ROMEO AND JULIET
Shakespeare’s Romeo and Juliet is the tragedy of a community whose internal violence gets so out of hand that its most precious assets, its children, are cut down in their prime. Dean Paul Gibson’s modern dress production for Bard on the Beach reminds us how sadly contemporary this situation remains.
With swords and daggers stuck into every part of the stage, Kevin McAllister’s wood-toned set looks like a combination knife-drawer and chopping block. When the company opens the play with an aggressive choral recitation, we can feel the toxic energy in the air of Verona.
At the Capulets’ party, Gibson stages Romeo and Juliet’s romantic first meeting in counterpoint with an ominous stop-action, ritualistic dance of death by the rest of the company. Punctuated by frightening bursts of laughter underlined by Alessandro Juliani and Meg Roe’s scary sound score, the scene is reminiscent of a German expressionist painting come to life.
Despite these dark notes, Shakespeare has made the first part of his play a comedy. In this production Juliet (Taylor Trowbridge) and Romeo (Kyle Rideout) are driven by an adolescent giddiness that at times threatens to trample even the great poetry of the balcony scene.
Two terrific performances drive the comic action. Bob Frazer brings edgy charm and enormous energy to Romeo’s friend Mercutio, whose stupid early death marks the transition from comedy to tragedy. As Juliet’s lady-in-waiting, Lois Anderson is youthful, attractive, and very funny in ways utterly unlike the grotesque old bawd we often see as the Nurse.
These two great characters frequently upstage the star-crossed young lovers in productions of the play. But here the situation is exacerbated by uneven work from Trowbridge and a lack of chemistry between Romeo and Juliet.
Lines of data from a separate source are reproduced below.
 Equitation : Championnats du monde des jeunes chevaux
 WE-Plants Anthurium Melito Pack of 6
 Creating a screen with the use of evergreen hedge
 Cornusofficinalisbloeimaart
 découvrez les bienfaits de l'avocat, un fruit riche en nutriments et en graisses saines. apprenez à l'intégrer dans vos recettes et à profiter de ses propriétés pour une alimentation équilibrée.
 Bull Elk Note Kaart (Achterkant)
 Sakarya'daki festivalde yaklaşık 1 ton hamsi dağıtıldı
As the situation spirals out of control and these sweet, innocent kids’ lives turn nightmarish, we need to be swept along not just in the tide of events but in the passion of their doomed love. That doesn’t often happen here.
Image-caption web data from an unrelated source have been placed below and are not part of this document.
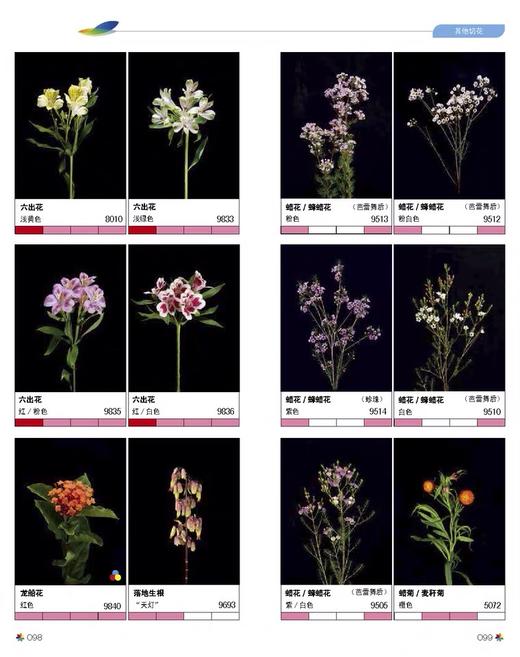 《鲜切花品种图册》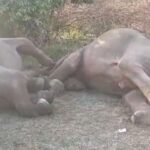 വിമാന യാത്രക്കാർക്ക് ആശ്വാസം; ആഭ്യന്തര വിമാനങ്ങളിലെ ടിക്കറ്റ് നിരക്കിൽ 50 ശതമാനം കുറവ്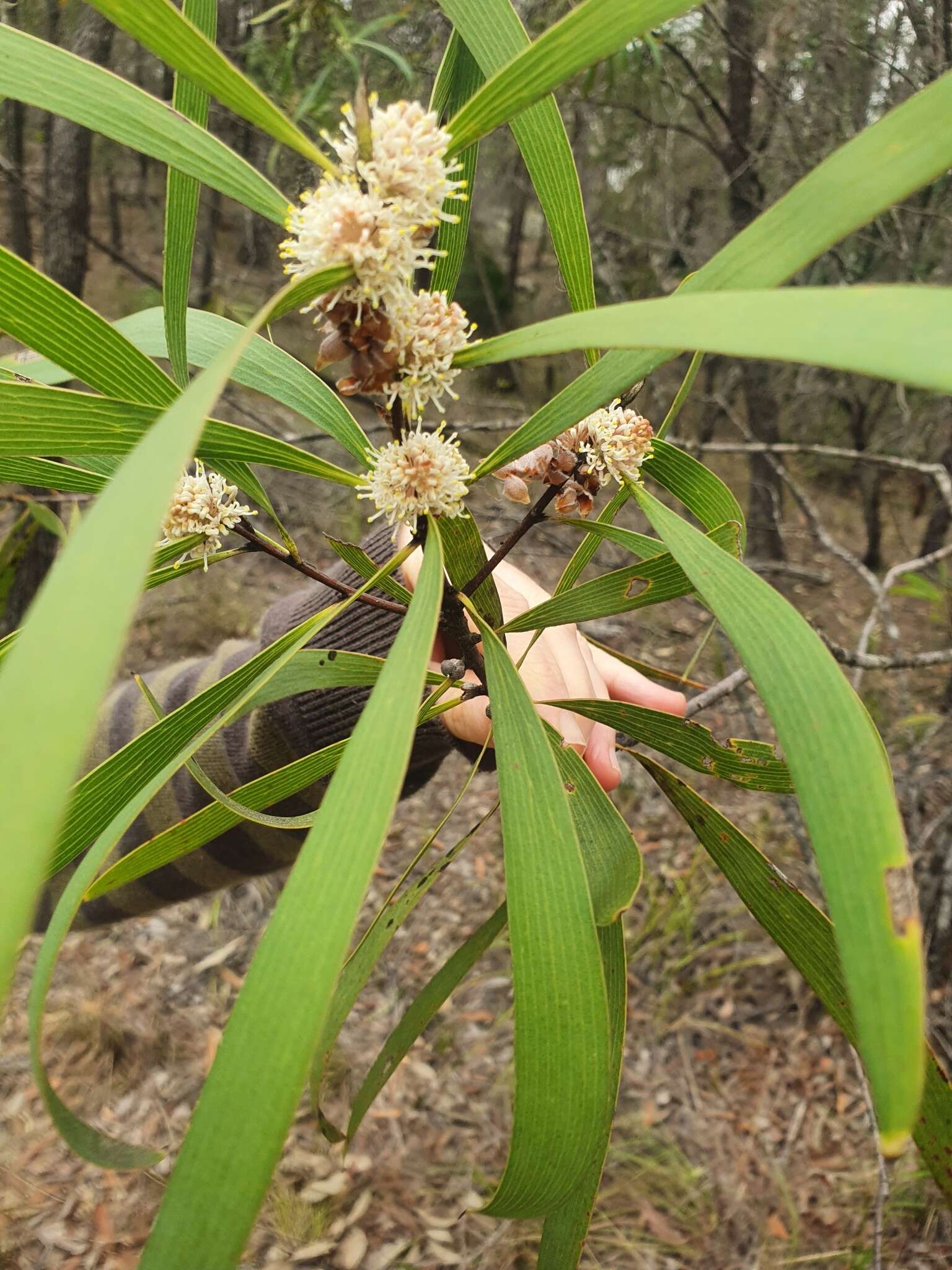 Image of Hakea benthamii I. M. Turner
What we get instead are many intense emotional moments of anger and grief: from Juliet’s father (Duncan Fraser), who threatens to kill her if she doesn’t marry the man of his choice, then keens over her corpse; from David Marr’s virile Friar Laurence, who grabs the weepy Romeo and tries to shake him into being a man; from Rideout’s Romeo, better at anguish than at love; and from Ian Butcher’s powerful Prince, whose threats and injunctions fail to steer his subjects from their destructive course until too late.
Overseeing it all are the ghosts of Mercutio and Tybalt (Michael Scholar, Jr.). The dead flowers of Veronese youth haunt the stage, reminders of the tragic waste and self-inflicted doom.